Returns the p-value for the “aggregate” log-_likelihood ratio (LLR).

This compares the null hypothesis of no context dependence in any sequence with the full model of arbitrary dependence. This LLR is defined in Eq (11) in “Probing context-dependent errors in quantum processors”, by Rudinger et al., and it is converted to a p-value via Wilks’ theorem (see discussion therein).

Note that this p-value is often zero to machine precision, when there is context dependence, so a more useful number is often returned by aggregate_nsigma() (that quantity is equivalent to this p-value but expressed on a different scale).

Returns

float – The p-value of the aggregate LLR.

property aggregate_pvalue_threshold(self)

The (multi-test-adjusted) statistical significance threshold for the p-value of the “aggregate” LLR.

Here, LLR refers to the log-_likelihood ratio. Below this p-value the LLR would be deemed significant. See the .aggregate_pvalue method for more details.

Returns

float – The statistical significance threshold for the p-value of the “aggregate” LLR.

property aggregate_nsigma(self)

The number of standard deviations the “aggregate” LLR is above the context-independent mean.

More specifically, the number of standard deviations above the context-independent mean that the “aggregate” log-_likelihood ratio (LLR) is.
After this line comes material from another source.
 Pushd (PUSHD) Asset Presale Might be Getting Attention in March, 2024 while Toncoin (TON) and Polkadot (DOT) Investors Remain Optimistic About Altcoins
This quantity is defined in Eq (13) of “Probing context-dependent errors in quantum processors”, by Rudinger et al.

Returns

float – The number of signed standard deviations of the aggregate LLR .

property aggregate_nsigma_threshold(self)
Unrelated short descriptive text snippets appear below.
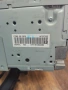 MP3 RADIO STEREO CD PLAYER CD8966ARX , MAZDA 5 2008, снимка 5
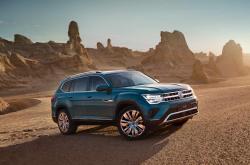 中国人保携手宿迁上众腾盛汽车购车嘉年华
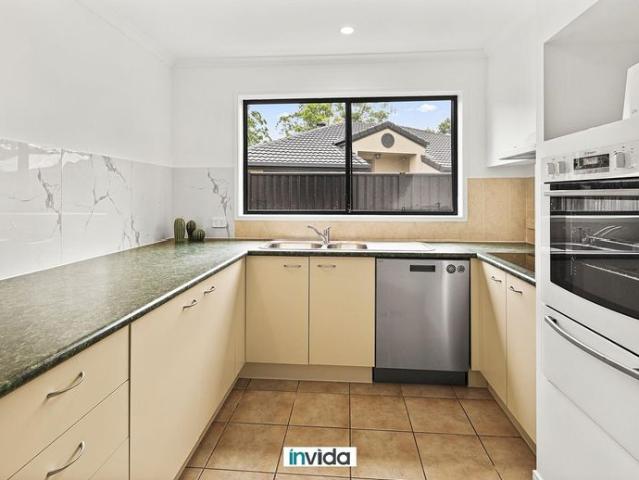 Apartment for rent in Sippy Downs, Sunshine Coast Regional
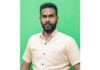 பெருந்தோட்டங்களில் அறநெறிப் பாடசாலைகளுக்கு காணி வழங்குமாறு கோரிக்கை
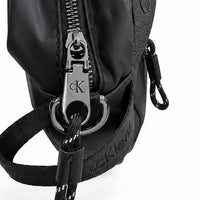 CK BAG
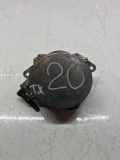 Unterdruckpumpe Vakuumpumpe Für Audi A4 B8 3,0 TDI Quattro CAPA CAP 059145100AF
The significance threshold above which the signed standard deviations of the aggregate LLR is significant.

The (multi-test-adjusted) statistical significance threshold for the signed standard deviations of the the “aggregate” log-_likelihood ratio (LLR). See the .aggregate_nsigma method for more details. This quantity is defined in Eq (14) of “Probing context-dependent errors in quantum processors”, by Rudinger et al.

Returns

float – The statistical significance threshold above which the signed standard deviations of the aggregate LLR is significant.

worst_circuits(self, number)

Returns the “worst” circuits that have the smallest p-values.

Parameters

number (int) – The number of circuits to return.

Returns

list – A list of tuples containing the worst number circuits along with the correpsonding p-values.